Esta visión humanista cala muy bien en los sectores desprotegidos, porque ven una alternativa real que escapa a su responsabilidad y es delegada a un ente superior que será el encargado de preocuparse por su cumplimiento, independiente de los nombres que administren las instituciones que componen al Estado, este camino está refrendado por las conquistas sociales instaladas en la historia, haciendo eco permanente para finalmente ratificarse generación tras generación.
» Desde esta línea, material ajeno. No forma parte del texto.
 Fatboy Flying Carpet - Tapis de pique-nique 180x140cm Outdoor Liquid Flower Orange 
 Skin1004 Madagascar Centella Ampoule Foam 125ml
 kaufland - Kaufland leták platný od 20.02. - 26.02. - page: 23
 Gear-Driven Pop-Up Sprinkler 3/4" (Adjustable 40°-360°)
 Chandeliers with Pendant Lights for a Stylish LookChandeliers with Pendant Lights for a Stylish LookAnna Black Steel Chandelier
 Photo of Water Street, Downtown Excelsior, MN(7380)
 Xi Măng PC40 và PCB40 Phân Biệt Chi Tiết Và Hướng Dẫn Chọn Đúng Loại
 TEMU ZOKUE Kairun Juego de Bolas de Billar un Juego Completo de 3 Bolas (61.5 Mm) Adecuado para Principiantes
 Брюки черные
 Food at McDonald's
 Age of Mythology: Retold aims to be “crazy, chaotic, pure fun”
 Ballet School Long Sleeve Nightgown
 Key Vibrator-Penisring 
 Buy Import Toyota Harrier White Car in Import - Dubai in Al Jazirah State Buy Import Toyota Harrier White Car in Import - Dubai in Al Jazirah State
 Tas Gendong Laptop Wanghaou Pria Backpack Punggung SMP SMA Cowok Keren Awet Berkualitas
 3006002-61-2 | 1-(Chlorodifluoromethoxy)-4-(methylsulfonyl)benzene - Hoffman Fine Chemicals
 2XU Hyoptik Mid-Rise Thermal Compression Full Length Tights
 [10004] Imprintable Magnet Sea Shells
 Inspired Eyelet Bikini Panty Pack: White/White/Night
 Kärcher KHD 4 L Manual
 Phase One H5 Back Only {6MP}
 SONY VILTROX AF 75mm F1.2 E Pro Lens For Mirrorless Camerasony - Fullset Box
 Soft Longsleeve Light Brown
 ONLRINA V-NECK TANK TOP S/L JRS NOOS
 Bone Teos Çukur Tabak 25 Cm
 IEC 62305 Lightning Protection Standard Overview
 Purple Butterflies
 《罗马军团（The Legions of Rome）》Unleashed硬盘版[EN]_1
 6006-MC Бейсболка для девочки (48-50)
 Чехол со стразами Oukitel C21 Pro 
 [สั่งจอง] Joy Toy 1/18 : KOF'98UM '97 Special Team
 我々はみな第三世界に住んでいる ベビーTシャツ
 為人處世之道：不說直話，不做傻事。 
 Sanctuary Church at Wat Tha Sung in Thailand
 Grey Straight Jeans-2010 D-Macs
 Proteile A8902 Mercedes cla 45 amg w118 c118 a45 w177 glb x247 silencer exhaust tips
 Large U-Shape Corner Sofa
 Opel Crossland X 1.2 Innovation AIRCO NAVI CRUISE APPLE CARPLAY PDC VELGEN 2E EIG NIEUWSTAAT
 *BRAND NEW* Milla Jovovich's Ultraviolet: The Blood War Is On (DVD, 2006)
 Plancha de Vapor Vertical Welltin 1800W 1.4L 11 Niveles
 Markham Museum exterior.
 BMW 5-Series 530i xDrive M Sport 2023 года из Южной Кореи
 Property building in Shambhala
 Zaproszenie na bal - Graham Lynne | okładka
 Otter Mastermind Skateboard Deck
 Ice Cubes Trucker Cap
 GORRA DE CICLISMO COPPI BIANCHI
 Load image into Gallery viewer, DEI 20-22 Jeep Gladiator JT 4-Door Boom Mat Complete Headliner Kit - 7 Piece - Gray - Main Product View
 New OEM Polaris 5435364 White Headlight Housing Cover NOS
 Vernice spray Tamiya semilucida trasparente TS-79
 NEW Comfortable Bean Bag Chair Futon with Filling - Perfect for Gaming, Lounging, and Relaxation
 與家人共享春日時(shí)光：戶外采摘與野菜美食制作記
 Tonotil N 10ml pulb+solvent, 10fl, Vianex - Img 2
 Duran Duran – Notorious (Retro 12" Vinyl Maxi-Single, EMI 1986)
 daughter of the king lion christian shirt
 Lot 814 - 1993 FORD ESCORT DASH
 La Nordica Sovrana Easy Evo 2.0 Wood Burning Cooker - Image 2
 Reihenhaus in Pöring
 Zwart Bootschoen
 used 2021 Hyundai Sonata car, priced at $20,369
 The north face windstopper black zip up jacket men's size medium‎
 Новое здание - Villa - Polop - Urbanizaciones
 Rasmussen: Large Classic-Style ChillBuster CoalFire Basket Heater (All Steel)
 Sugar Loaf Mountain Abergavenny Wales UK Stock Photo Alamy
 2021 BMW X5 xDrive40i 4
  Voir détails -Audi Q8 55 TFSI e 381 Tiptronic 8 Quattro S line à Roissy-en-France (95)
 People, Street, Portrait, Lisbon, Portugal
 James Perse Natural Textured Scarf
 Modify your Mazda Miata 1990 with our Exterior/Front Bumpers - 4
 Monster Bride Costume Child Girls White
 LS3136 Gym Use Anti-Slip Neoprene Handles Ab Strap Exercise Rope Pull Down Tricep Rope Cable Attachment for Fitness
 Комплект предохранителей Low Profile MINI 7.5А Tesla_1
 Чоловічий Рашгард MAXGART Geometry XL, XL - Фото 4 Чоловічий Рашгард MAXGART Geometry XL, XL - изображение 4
Este tipo de ideas son alimentadas permanentemente por el sistema que rige Bolivia: la educación a través de todos sus operadores ha ejercido un rol de difusión y “acomplejamiento” en el que se refuerza la idea central de víctima y agresor a través de la historia. Una forma conveniente para justificar una respuesta violenta, que únicamente busca la defensa frente a la agresión, legitima, por cierto, dado que la lógica dicta sencillamente que sin agresor no existe la necesidad de responder con violencia.
Aquel que ha perfeccionado la gestión de la violencia es conocido de la misma forma trascendiendo el tiempo, Estado, no interesan mucho los nombres que pasan de manera coyuntural por sus puestos de poder. Al final la violencia es justificada a cambio de lograr objetivos superiores, que al tener la difícil tarea de “redistribuir” los recursos otrora inclinados hacia las minorías más ricas del país utilizaran todos los medios a disposición para lograr tal cometido, incluida la violencia.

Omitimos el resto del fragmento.